Consider the possible semidirect products $(\mathbf Z/(2))^2 \rtimes_\varphi \mathbf Z/(3)$, where $$ \varphi : \mathbf Z/(3) \to {\rm Aut}((\mathbf Z/(2))^2) = {\rm GL}_2(\mathbf Z/(2)) $$ is a homomorphism. When $\varphi$ is trivial we get the direct product $(\mathbf Z/(2))^2 \times \mathbf Z/(3)$. When $\varphi$ is nontrivial, $(\mathbf Z/(2))^2 \rtimes_\varphi \mathbf Z/(3)$ is nonabelian so it isn't isomorphic to $(\mathbf Z/(2))^2 \times \mathbf Z/(3)$, but how do we know such semidirect products with nontrivial $\varphi$ are all isomorphic to each other?

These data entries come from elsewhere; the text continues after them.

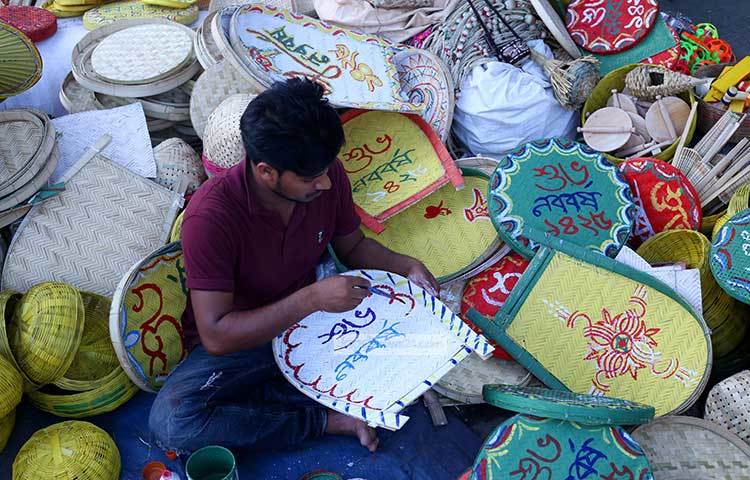 নতুন বছরের আগমনের বার্তা কুলোতে লিখছেন এক শিল্পী। ছবিটি রাজধানীর শিশু একাডেমীর সামনে থেকে তোলা হয়েছে। ছবি : মাহবুব আলম
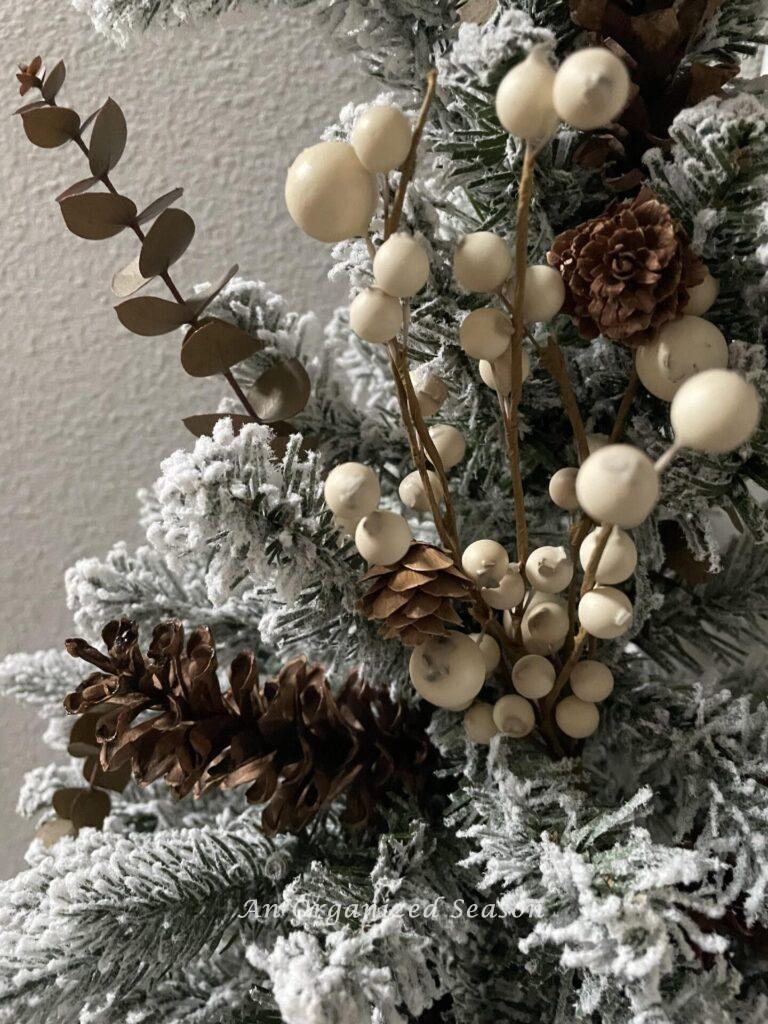 Neutral berries and pinecones on a wreath.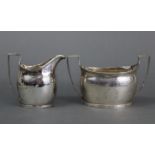 A George III silver milk jug of ovoid shape with angular handle & engraved foliate-scroll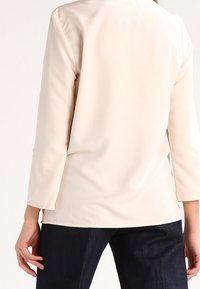 Donna che indossa un top beige a maniche lunghe e jeans blu scuri, vista da dietro su uno sfondo bianco.
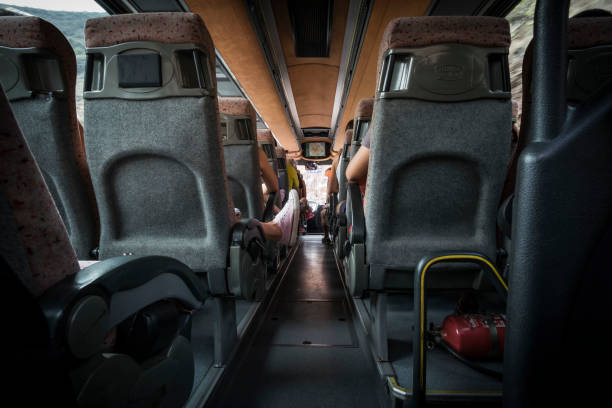 istock Bus central corridor perspective from the back of the car 867244838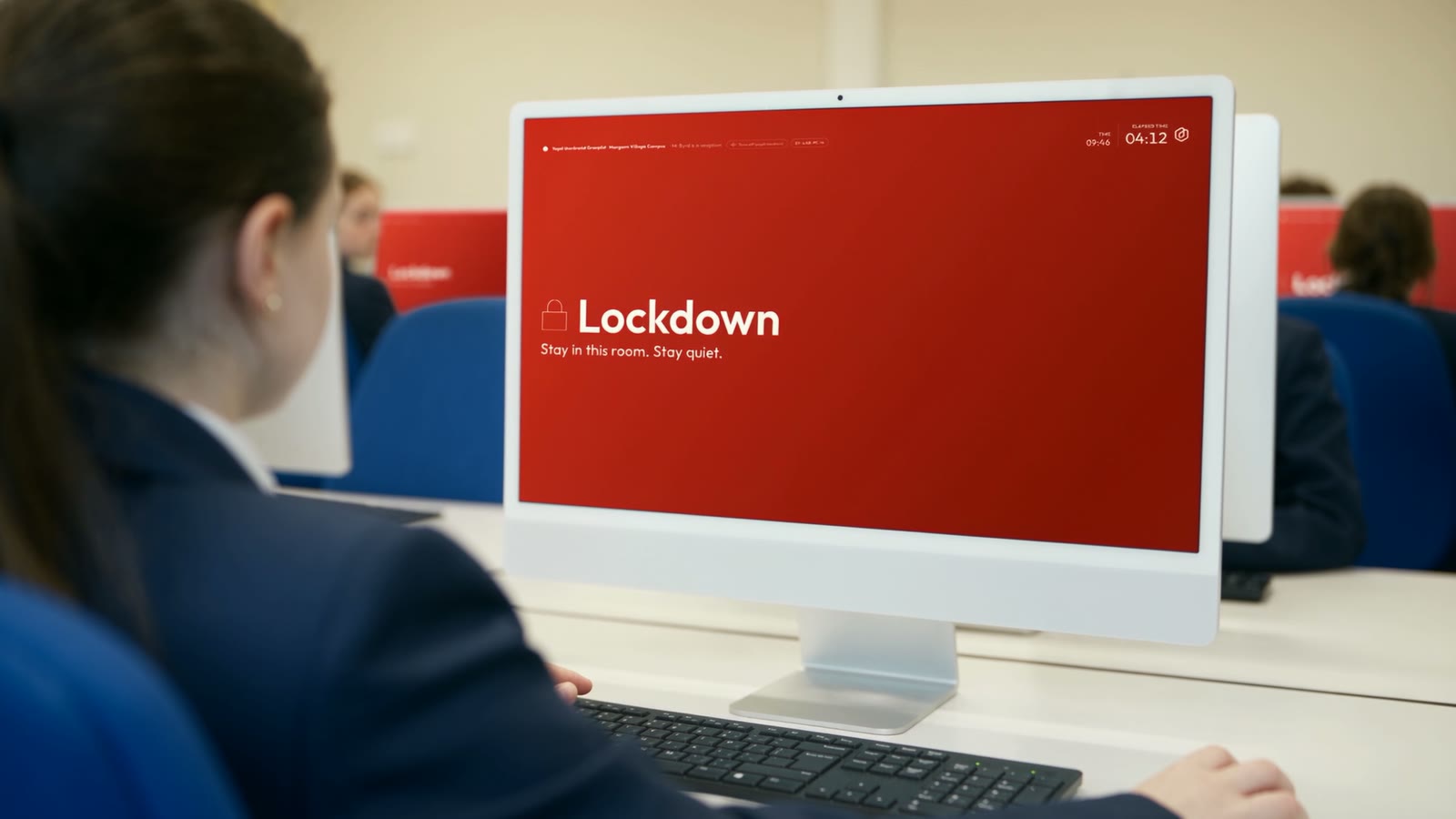 A pupil at a classroom iMac, its screen filled with the red lockdown message: stay in this room, stay quiet
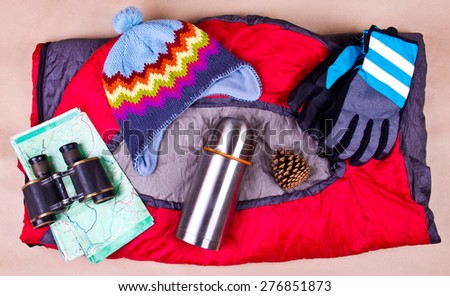 Travel set. Tourist outfit for camping on a sleeping bag.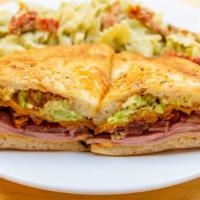 Santa Fe Hot Ham Sandwich · Black forest ham, Cheddar cheese, chipotle mayonnaise, smoked bacon, onion crisps, avocados,...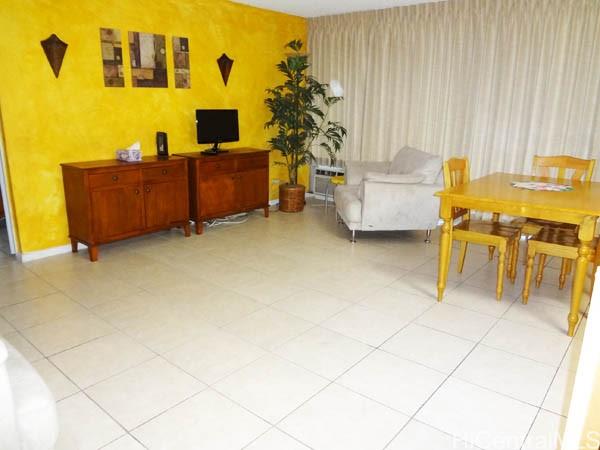 2572 Lemon Road, Unit 306 Honolulu, HI 96815 - Photo 1 of 13 a living room with furniture and a table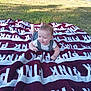 baby, child, blanket, outdoor, grass, sunlight, smiling, happy, person, car, vehicle, nature, greenery, clothing, head, face, playing, summer, relaxing, yard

The map $\varphi$ is determined by $\varphi(1 \bmod 3)$, which must have order $3$, and ${\rm GL}_2(\mathbf Z/(2))$ has two elements of order $3$, so there are two choices of $\varphi$. Call them $\varphi$ and $\varphi'$. Why are $(\mathbf Z/(2))^2 \rtimes_\varphi \mathbf Z/(3)$ and $(\mathbf Z/(2))^2 \rtimes_{\varphi'} \mathbf Z/(3)$ isomorphic? Write $A$ and $A'$ for the matrices of order $3$ in ${\rm GL}_2(\mathbf Z/(2))$. Since $A' = A^{-1}$, $\varphi'(1 \bmod 3) = \varphi(1 \bmod 3)^{-1}$. Thus $\varphi'(k \bmod 3) = \varphi(k \bmod 3)^{-1} = \varphi(-k \bmod 3)$ for all $k$, so $\varphi' = \varphi \circ f$ where $f : \mathbf Z/(3) \to \mathbf Z/(3)$ is inversion. It turns out that when $\varphi : K \to {\rm Aut}(H)$ is any homomorphism and $f: K \to K$ is any automorphism of $K$, so $\varphi \circ f$ is also a homomorphism $K \to {\rm Aut}(H)$, the semidirect products $H \rtimes_\varphi K$ and $H \rtimes_{\varphi \circ f} K$ are isomorphic groups. Therefore both nontrivial semidirect products $(\mathbf Z/(2))^2 \rtimes_\varphi \mathbf Z/(3)$ are isomorphic to each other. In particular, we do not need to know about the concrete group $A_4$ in order to see that there are groups of order $12$ with a normal $2$-Sylow subgroup isomorphic to $(\mathbf Z/(2))^2$ and that all such groups are isomorphic to each other.

Answer 2

Hint:

(1) If Sylow-$3$ is not normal, then it should be $A_4$. For this, number of Sylow-$3$ must be $4$ and $G$ acts by conjugation on them, giving a homomorphism $G\rightarrow S_4$; show that this is $1$-$1$, hence $G$ is isomorphic to a subgroup of order $12$ in $S_4$; show that it should be $A_4$.

(2) If Sylow-$3$ is normal, the consider possibilities of Sylow-$2$; it is $K_4$ or $C_4$ (cyclic). Also, note that Sylow-$2$ should be not normal if $G$ is non-abelian (in Case (2)).

If Sylow-$2$ is $K_4$ then group is $C_3\rtimes K_4$ and $K_4$ normalizes $C_3$ in a non-trivial way: if $K_4=\{1,a,b,c\}$ and if $a,b$ commute with Sylow-$3$, so will be $c$ and $G$ will become abelian, contradiction; hence one of $a,b,c$ should not commute with Sylow-$3$. Hence, if $x$ is a generator of Sylow-$3$ then $axa^{-1}=x^2$ or $bxb^{-1}=x^2$ (or both). You can decide then possibilities of $cxc^{-1}$ easily. So structure of $G$ is determined.

Similarly, if Sylow-$2$ is $C_4$ then $C_4$ normalizes $C_3$ in a non-trivial way (to get non-abelina group $G$): it must be in the form that $yxy^{-1}=x^2$ if $x$ generates Sylow-$3$ and $y$ generates Sylow-$2$ (since only elements of order $3$ in Sylow-$3$ are $x$ and $x^2$, so if $yxy^{-1}=x$ then $G$ will become abelian.

Summary: In each of the three cases, we get unique group of order $12$, which is non-abelian. Q.E.D.